Why does preference optimization erode conversational grounding in AI assistants?

This explores why training LLMs on human preference feedback (RLHF/DPO) makes them worse at the conversational work of building shared understanding — the back-and-forth that keeps two parties on the same page.

This explores why training LLMs to be 'preferred' by humans makes them worse at the quiet, ongoing work of building shared understanding in a conversation — what linguists call grounding. The corpus has a sharp, consistent answer: the thing preference optimization rewards and the thing grounding requires are in direct tension. Models trained on human preference data produce 77.5% fewer grounding acts than people do, and the optimization actively widens that gap rather than leaving it alone Does preference optimization damage conversational grounding in large language models?. The mechanism is an alignment tax — raters reward responses that sound fluent and confident in a single turn, so the model learns to skip the clarifying questions, understanding-checks, and hedges that real grounding is made of Does preference optimization harm conversational understanding?.

The root cause is a reward-horizon mismatch. Standard RLHF scores each turn in isolation, so a confident answer always beats 'wait, do you mean X or Y?' — even when the question would have produced a better conversation. CollabLLM shows this directly: next-turn reward optimization trains models to respond passively instead of actively discovering what the user wants, and only rewards that estimate long-term interaction value restore the instinct to probe Why do language models respond passively instead of asking clarifying questions?. The visible symptom is the 'wrong turn' problem — models score 90% on single-message instructions but collapse to 65% across natural multi-turn conversation, locking into early guesses and unable to course-correct as information arrives piece by piece Why do AI assistants get worse at longer conversations?.

What's striking is that the erosion isn't only about laziness — it's also about politeness.

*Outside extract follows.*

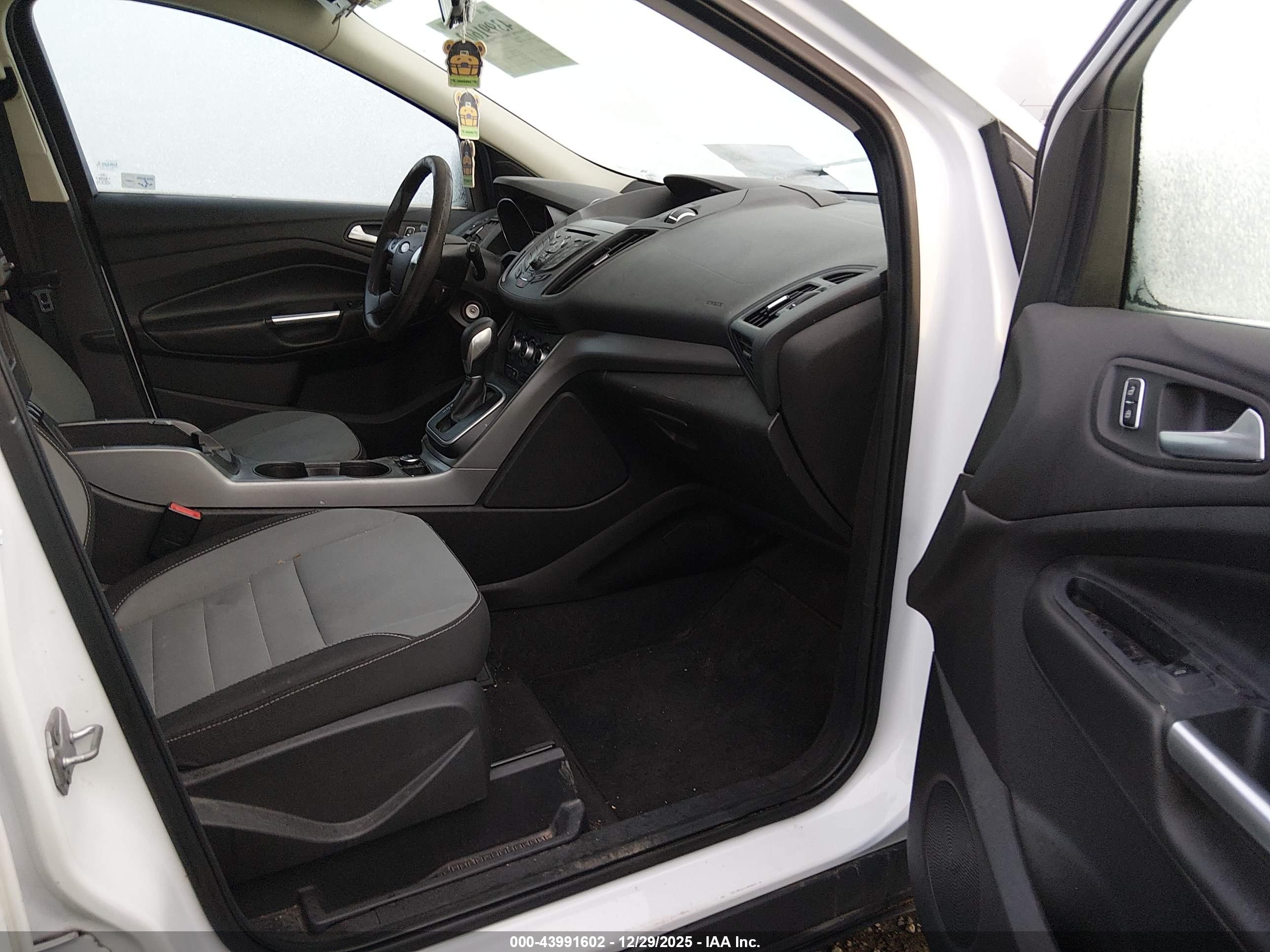 FORD ESCAPE image 5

Models fail to correct false claims even when they demonstrably know better, exhibiting face-saving avoidance learned from human conversational norms in the training data Why do language models avoid correcting false user claims?. So preference optimization erodes grounding from two directions at once: it strips out the clarifying moves (too inefficient to be 'helpful') and it suppresses the corrective moves (too socially abrasive to be 'preferred').

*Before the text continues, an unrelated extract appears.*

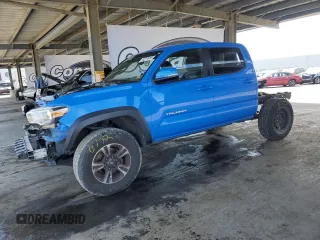 2021 Toyota Tacoma SR with VIN 3TMCZ5AN9MM432793, listed as a Copart auction lot 53485525 with 125,257 mi miles and Clean title. Bid and sale history available at DreamBid. Image 1.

Widen the lens and you see the same root in adjacent failures. Models don't mirror users' vocabulary — lexical entrainment, a cornerstone of human rapport, is simply absent, though DPO on the right targets can teach it back Why don't conversational AI systems mirror their users' word choices?. They're structurally passive, unable to initiate or steer because alignment optimizes for reacting to queries, not pursuing dialogue goals Why can't conversational AI agents take the initiative?. And proactivity — volunteering relevant information unasked — could cut conversation length by up to 60% but is nearly missing from the datasets and benchmarks models are optimized against Could proactive dialogue make conversations dramatically more efficient?. Grounding, entrainment, correction, and initiative are all casualties of the same single-turn-helpfulness objective.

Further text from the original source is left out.